*Task prompt*: Reproduce the listing exactly, with no pictures in your copy.

*Raw data*:
----------

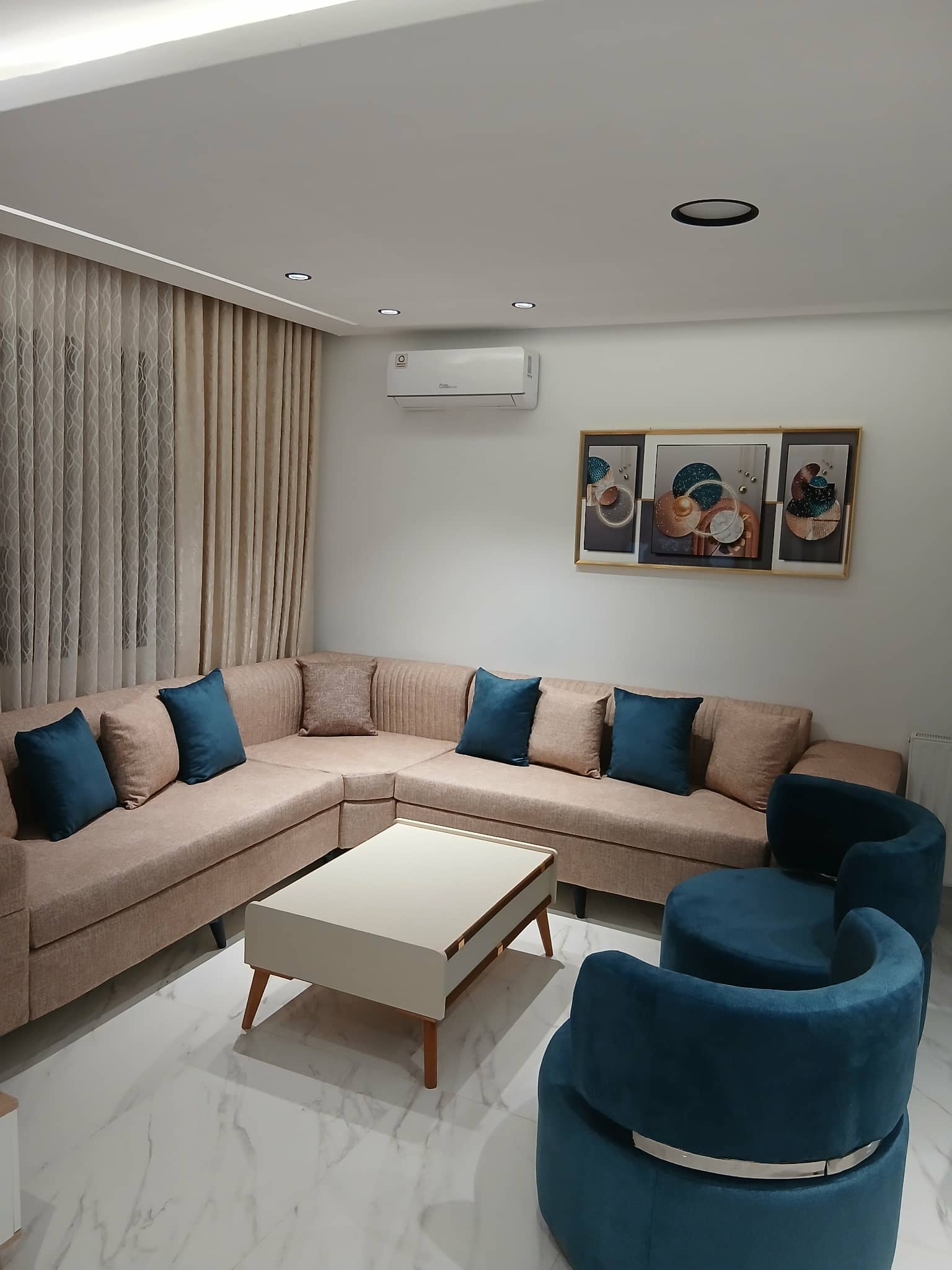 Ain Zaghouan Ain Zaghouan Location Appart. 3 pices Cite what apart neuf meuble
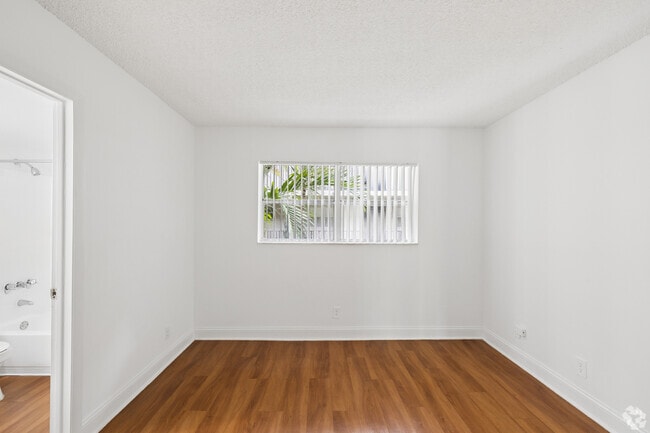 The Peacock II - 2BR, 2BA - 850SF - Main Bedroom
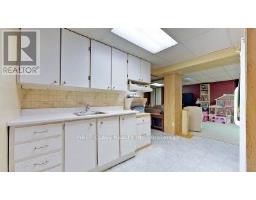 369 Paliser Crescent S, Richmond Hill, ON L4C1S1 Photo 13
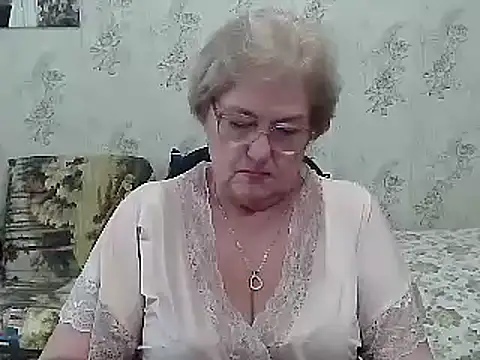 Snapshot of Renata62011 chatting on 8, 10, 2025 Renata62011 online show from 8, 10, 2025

----------

*Reply*:
 Ain Zaghouan Ain Zaghouan Location Appart. 3 pices Cite what apart neuf meuble
 The Peacock II - 2BR, 2BA - 850SF - Main Bedroom
 369 Paliser Crescent S, Richmond Hill, ON L4C1S1 Photo 13
 Snapshot of Renata62011 chatting on 8, 10, 2025 Renata62011 online show from 8, 10, 2025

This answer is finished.